* [Entries supplied]:
== Segment start ==
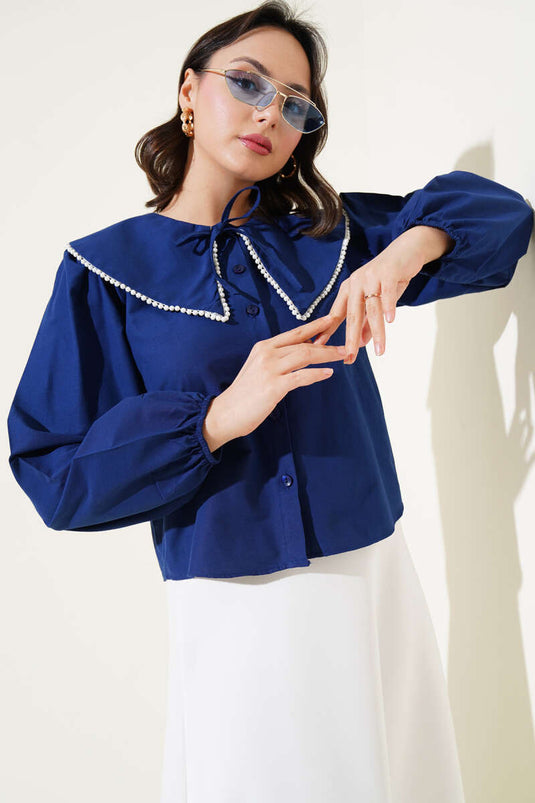 İncili Denizci Yaka Kısa Gömlek Lacivert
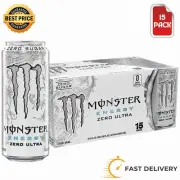 Monster Ultra Zero Sugar Sports Energy Drink with Vitamins, 16 Fl Oz (15 Pack)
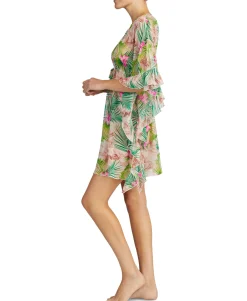 Women's Striped Chiffon Ruffle-Cuff Caftan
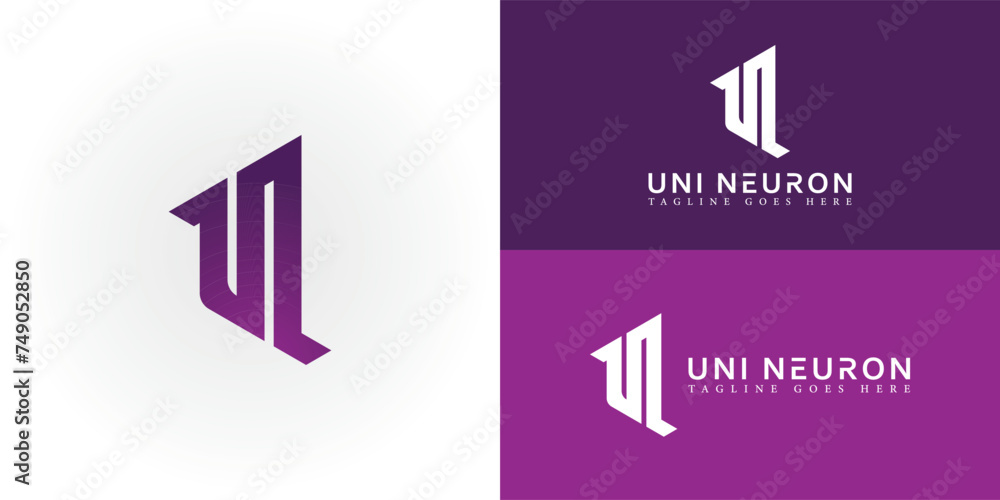 Poster abstract initial letter un or nu logo in violet color isolated in multiple background colors applied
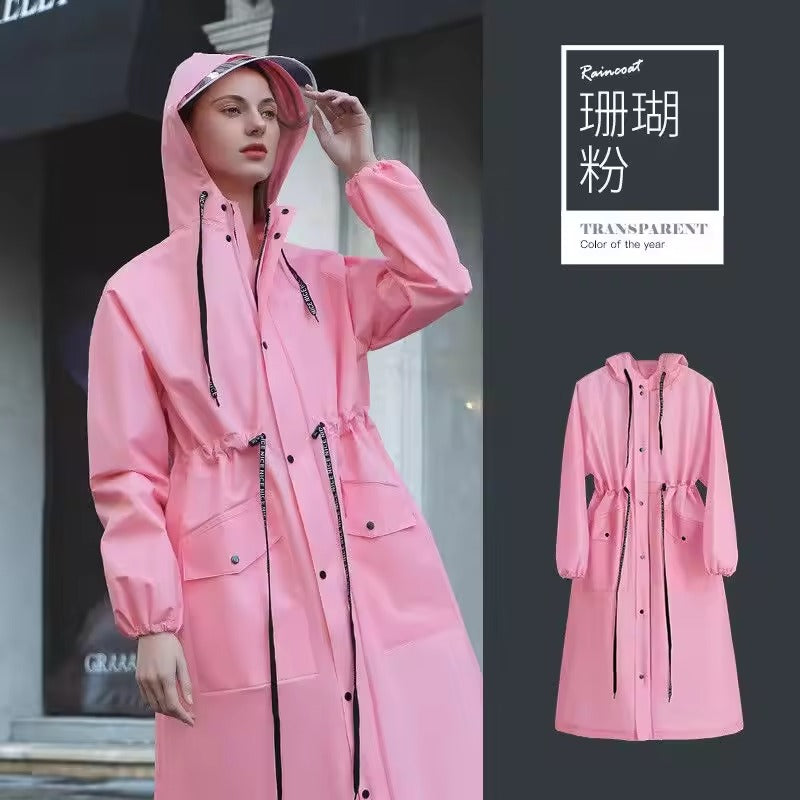 Sophie – Abrigo de lluvia impermeable para mujer con capucha en blanco, elegante y práctico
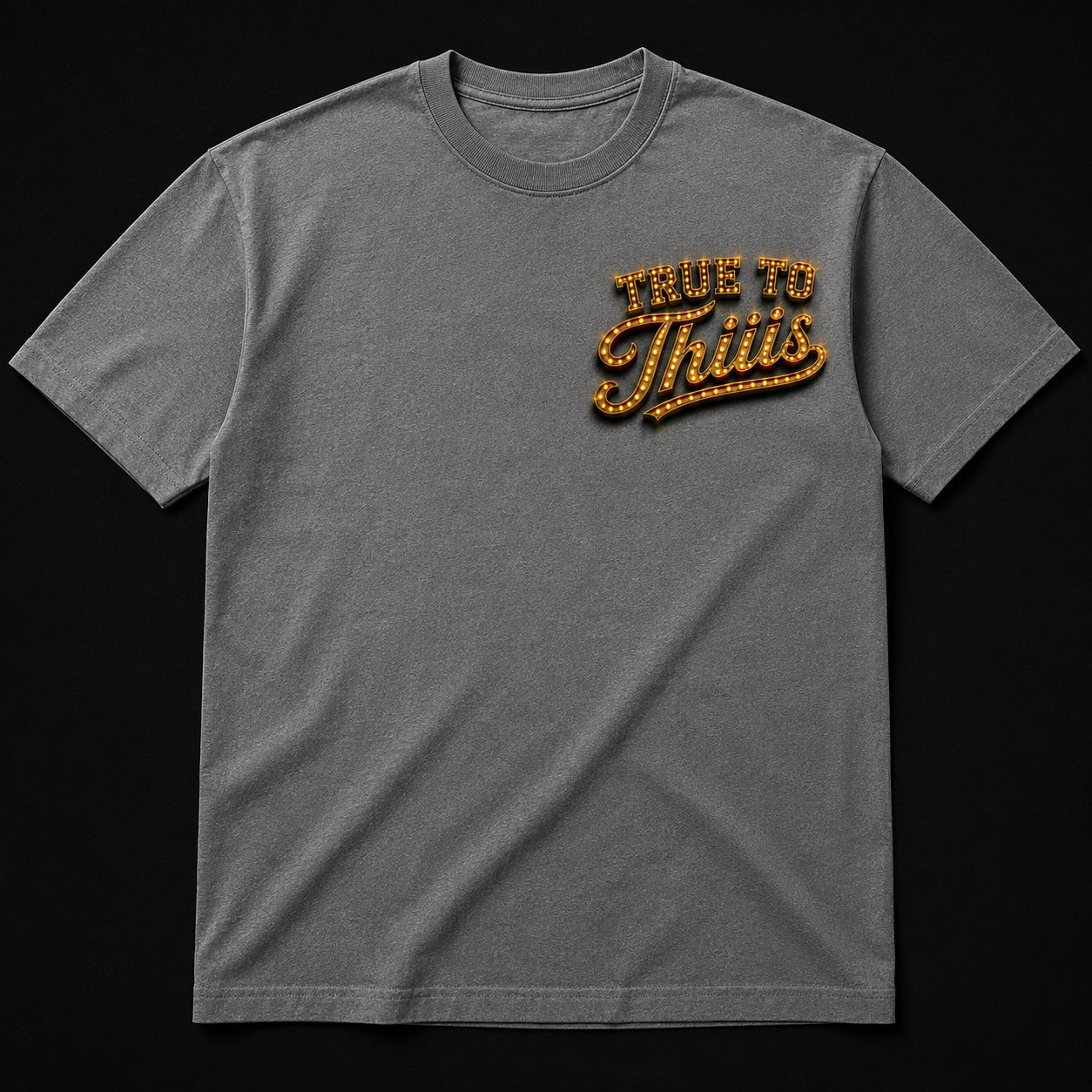 True To Thiiis grey T-shirt front mockup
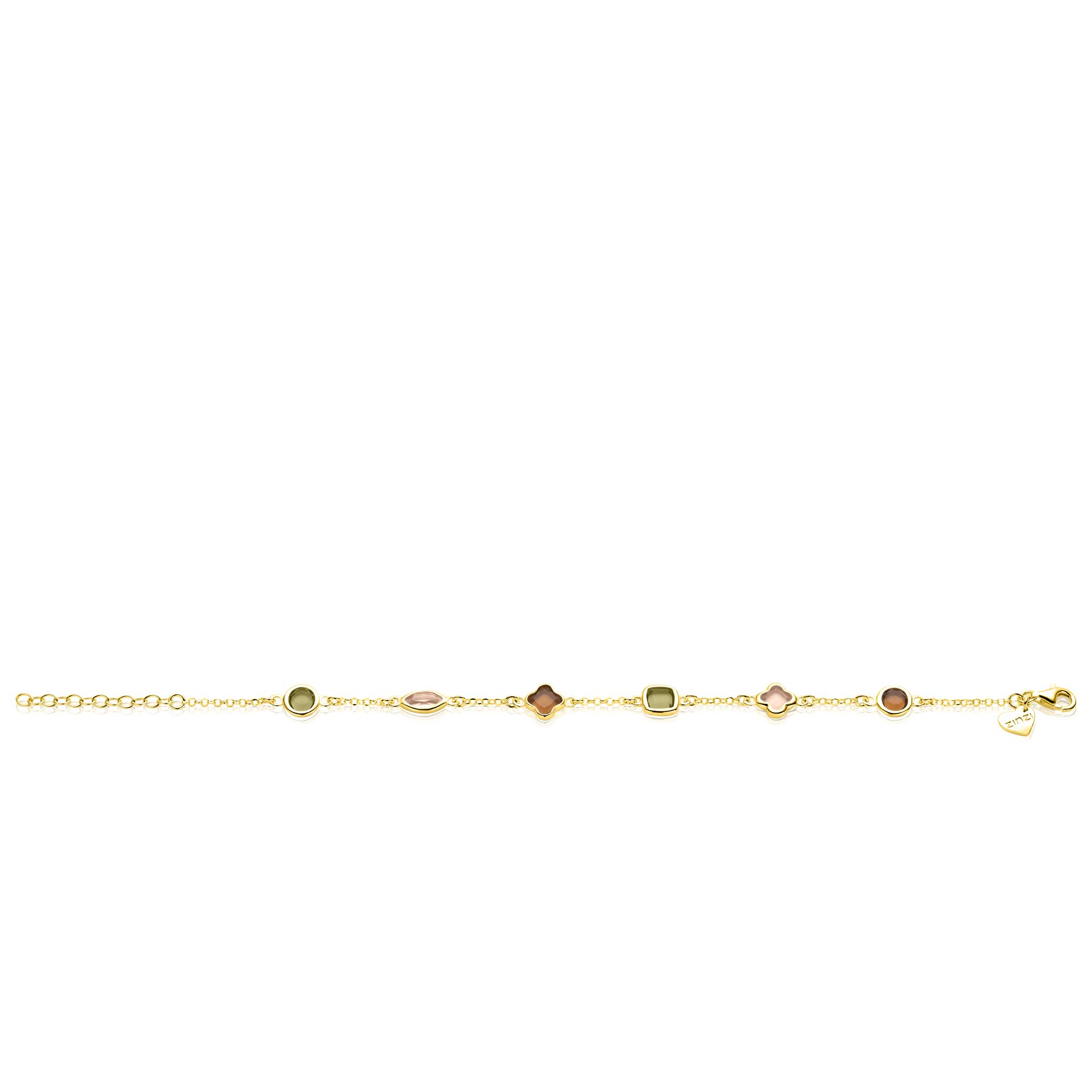 ZINZI gold plated zilveren fantasie armband met speelse vormen bruin en olijfgroen ZIA2771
== Segment end ==
* [Your task]: Repeat each line of the material, unaltered, from the first through the line with "Poster abstract initial", and include no pictures.

* [Exercise answer]:
 İncili Denizci Yaka Kısa Gömlek Lacivert
 Monster Ultra Zero Sugar Sports Energy Drink with Vitamins, 16 Fl Oz (15 Pack)
 Women's Striped Chiffon Ruffle-Cuff Caftan
 Poster abstract initial letter un or nu logo in violet color isolated in multiple background colors applied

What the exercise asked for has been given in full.